KENNEBUNKPORT, Maine --Even though President Bush wasn't in town, hundreds of anti-war protesters including Cindy Sheehan marched by the Bush family compound on a scorching, muggy Saturday.

"This is really energizing to be with people who want this war to end," Sheehan, who lost a son in Iraq, told the cheering crowd. "We can't put our signs away and sit on our couches. We have to press Congress to end this war."

Activists from a number of states came to a local school to begin a two-mile march to the Bush summer home at Walker's Point. Along the way some pounded drums, chanted and carried signs and banners with slogans such as "Don't Pay for this War" and "Care for Vets."

Police gave no official crowd count, but other observers estimated that at least 1,200 demonstrators turned out. One of the marchers, Alice Copeland Brown of Canton, Mass., said about 3,000 people were there.

Brown said her son has recently returned from duty in Iraq, but others are not coming home alive.

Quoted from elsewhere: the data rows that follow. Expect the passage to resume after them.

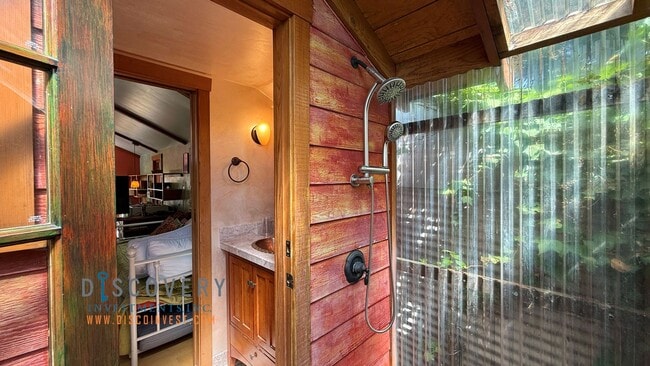 Building Photo - Charming Cabin Cottage Loft with Rustic Wa...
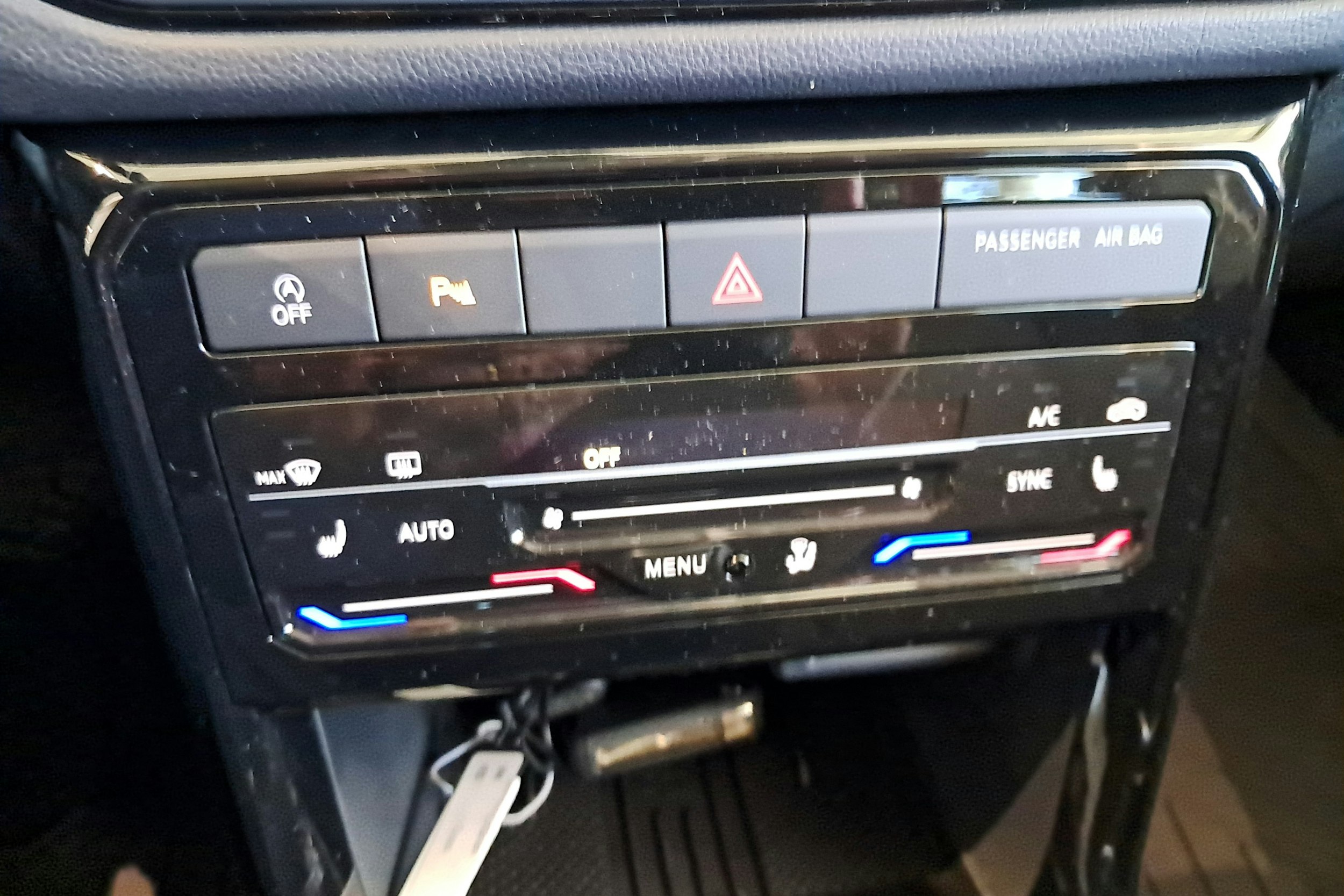punainen Volkswagen T-Cross 2025 kuva 12.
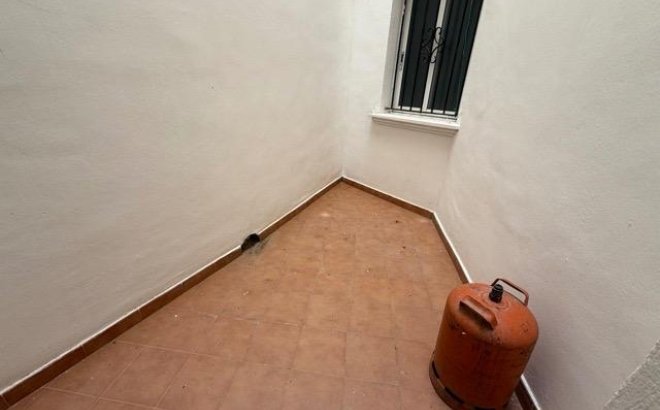 Resale - Apartment -
Torrevieja - Playa del Cura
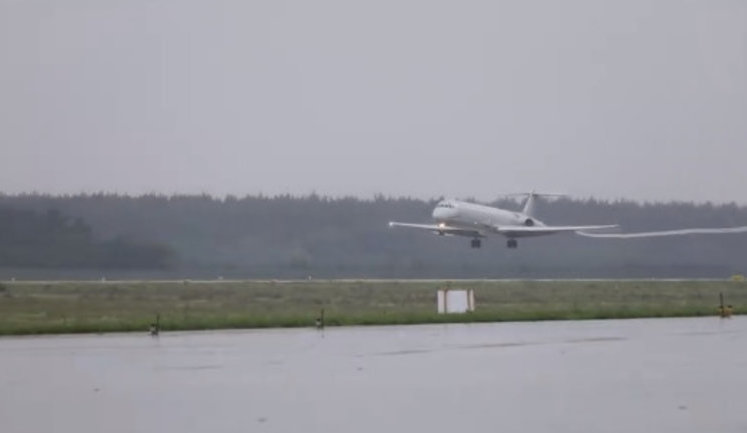 Supposed bird hit forces airliner heading for Turkish Antalya to land in Boryspil airport. VIDEO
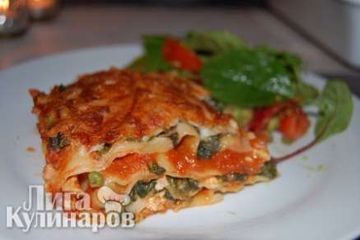 фото рецепта Лазанья с курицей, шпинатом и творогом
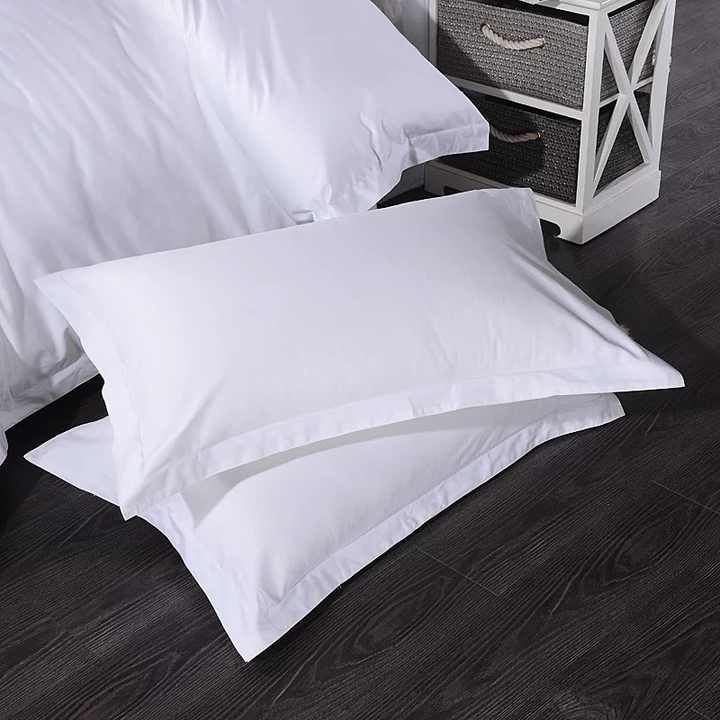 Soft 100% Cotton King Size Bed Sheet Dubai Hotel Bed Linen Bedding Set Hotel White Plain Sateen Quilt Cover Pillowcase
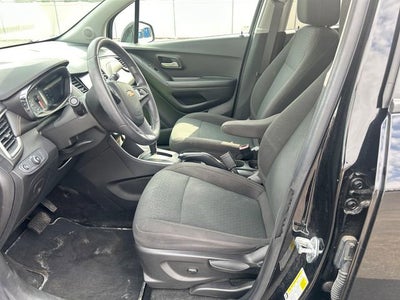 2022 Chevrolet Trax LS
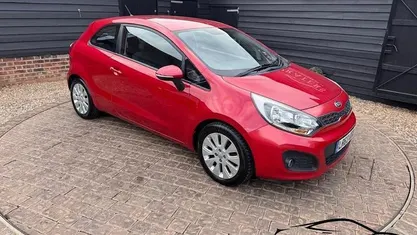 Begagnad Kia Rio 86 HK (63 kW) 2014 Halvkombi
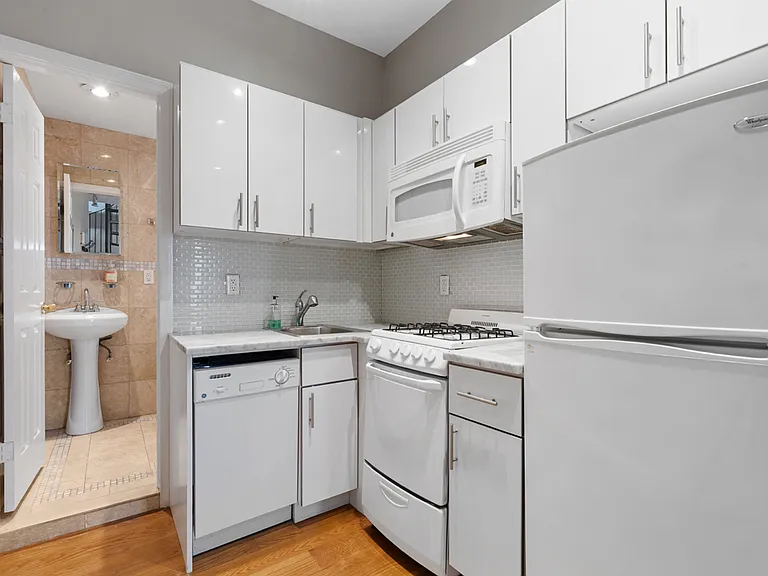 163 Chrystie St #17 — Photo 5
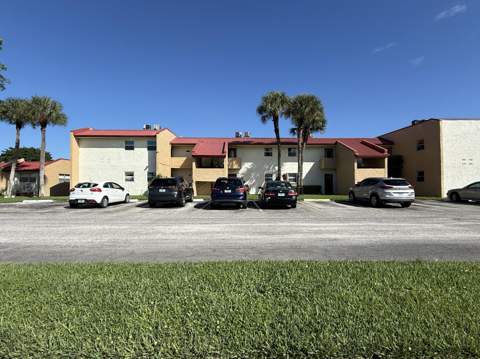 235 Golden River Drive, West Palm Beach FL - photo 21 of 36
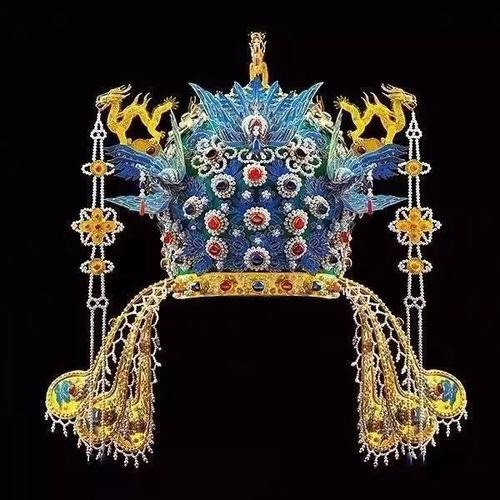 历史上的皇后凤冠,为什么皇后戴的是凤冠不是皇冠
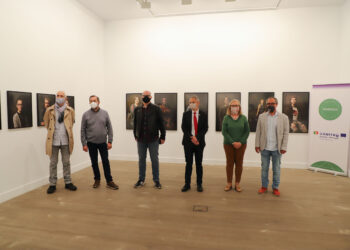 Fonseca acoge las exposiciones fotográficas ‘Comunidad. Un retrato colectivo’ y ‘Campus: conjunto de terrenos y edificios pertenecientes a una universidad’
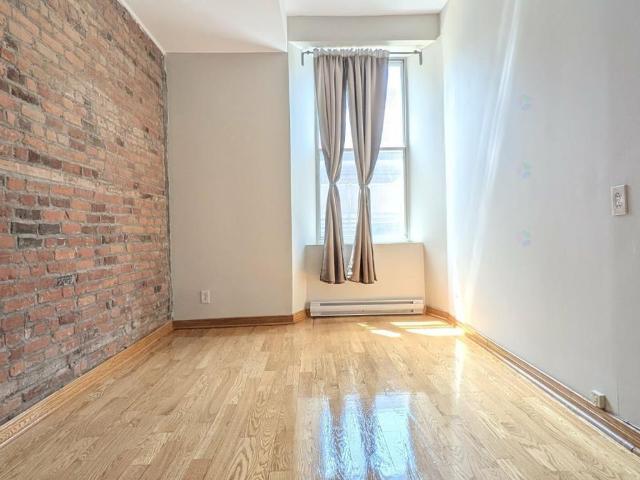 Apartment for rent in TOD quartier Berri UQAM, Montréal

Brown said billions of dollars are being wasted on the war that could be used for schools, health care and other public services.

"Our children are dying for nothing," she said.

Dick Nelson of Lebanon, N.H., said he was visiting Maine and decided to come to the rally with his 16-year-old daughter, Andrea.

"It seemed like our civic duty," said Nelson.

A small-scale Vietnam Wall-like monument, listing the names of the soldiers killed in Iraq, was set up on the school's sports field where the protesters assembled. Organizers included veterans' peace groups.

After the march, the Indigo Girls musical group entertained the demonstrators at the rally site.

Some protesters called for Bush's and Vice President Dick Cheney's impeachment, but others had more moderate messages of support for the troops and opposition to the war.

"You can support the troops and not support the war," said Anne Chay, whose son is serving in Iraq.

Democratic presidential hopeful Dennis Kucinich, who was also a frequent visitor to Maine during his 2004 campaign, told the crowd, "We simply have to get out of Iraq. We have to end this war."

Organizers had previously hoped to draw as many as 10,000 protesters to the rally.

Observers said verbal skirmishes with some of the counter-protesters broke out along the march route, but no violence or physical confrontations were reported. As many as a few dozen counter-protesters were said to be in the area.